It’s the early 1960s, Francis Henshall is the none-too-bright minder of gangster Roscoe Crabbe – but Roscoe is really Roscoe’s twin sister Rachel, disguised as her brother for her own safety, after her brother was murdered…by none other than Rachel’s boyfriend Stanley Stubbers!  To complicate matters, Francis is hired to work for Stubbers, but he must keep his two gunners – who (as he far as he knows) don’t know each other – apart, and that proves to be a lot harder than it sounds.

Quite honestly, after reading reviews of this play, I expected a few good belly laughs.  What I did not expect was to be literally crying with laughter, but there’s no doubt – this is simply one of the funniest shows I have ever seen.  First of all the music – skiffle band The Craze come on stage about 10 minutes before the show begins, and then during the performance they provide a number of musical interludes.  The music is jaunty and thoroughly enjoyable, performed by very obviously talented musicians.  There are other musical interludes too – performed by various cast members, and all very enjoyable.
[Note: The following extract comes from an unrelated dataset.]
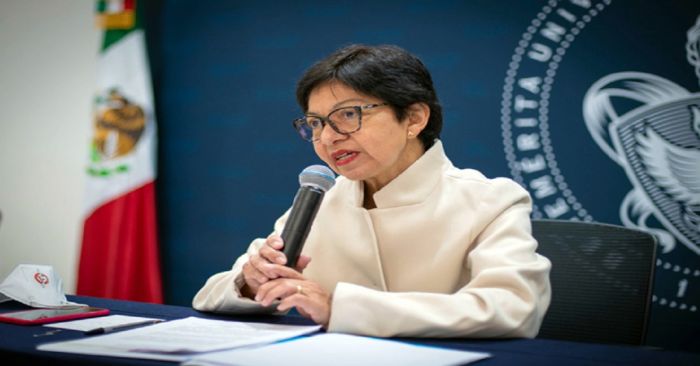 Reconocen en la BUAP labor de los profesores hora clase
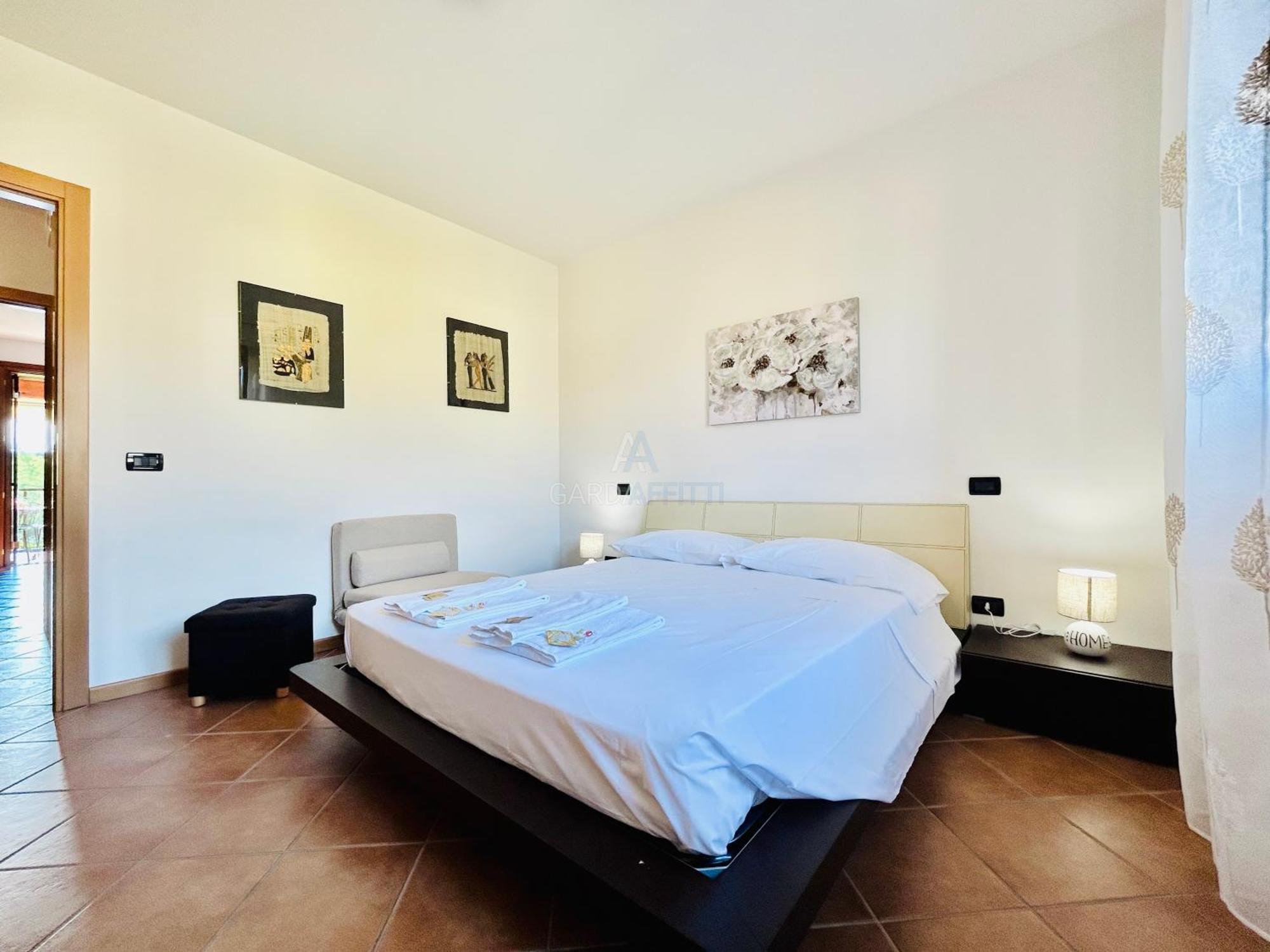 Artemide Apartment - A Soli 150M Dal Lago Di Garda Sirmione Exterior foto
Gavin Spokes was absolutely perfect as Francis.  This role was originally played by James Corden, who I’ve no doubt was brilliant, but I’ve also no doubt that he could not have been more brilliant than Spokes.  Francis is loveable, despite all the double-crossing and deceit which is character employs with varying degrees of success.  Shaun Williamson (forever destined to be known as ‘Barry from Eastenders’) is probably the most well known cast member, as Charlie Clench (!) father of ditzy blonde Pauline Clench (Jasmyn Banks), who was due to enter a marriage of convenience with the newly dead Roscoe, but who has since fallen in love with wannabe actor Alan Dangle (a superbly over-the-top Edward Hancock).  Roscoe/Rachel is played with aplomb by Alicia Davies, and I also really enjoyed Patrick Warner as the upper-class Stanley Stubbers.  The terrific cast is completed by Derek Elroy as Lloyd Boateng (a friend of Rachel/Roscoe and Charlie Clench), Emma Barton as Dolly (Charlie’s book-keeper who Francis falls for), David Verrey as Harry Dangle (the lawyer father of Alan) and Michael Dylan who practically brought the house down with his portrayal of Alfie, a doddery old Irish waiter.

The wordplay is fantastic, with many genuinely laugh-out-loud lines – and I also loved how Francis broke the fourth wall to talk directly to the audience, reminding us that this is after all, not real, before pulling everyone back into the delight of the show.  However, as well as a great script, there is also a LOT of physical slapstick comedy, the highest point of which is probably the scene at the end of the first half of the show, where Francis is trying to serve dinner to both of his bosses in the same venue, but without letting them find out about each other.  The cast throw themselves around spectacularly, and I can only imagine that Gavin Spokes in particular must be exhausted by the time the show finishes!  There is also some terrific interaction with audience members, but at the risk of revealing spoilers, I’m not going to give details.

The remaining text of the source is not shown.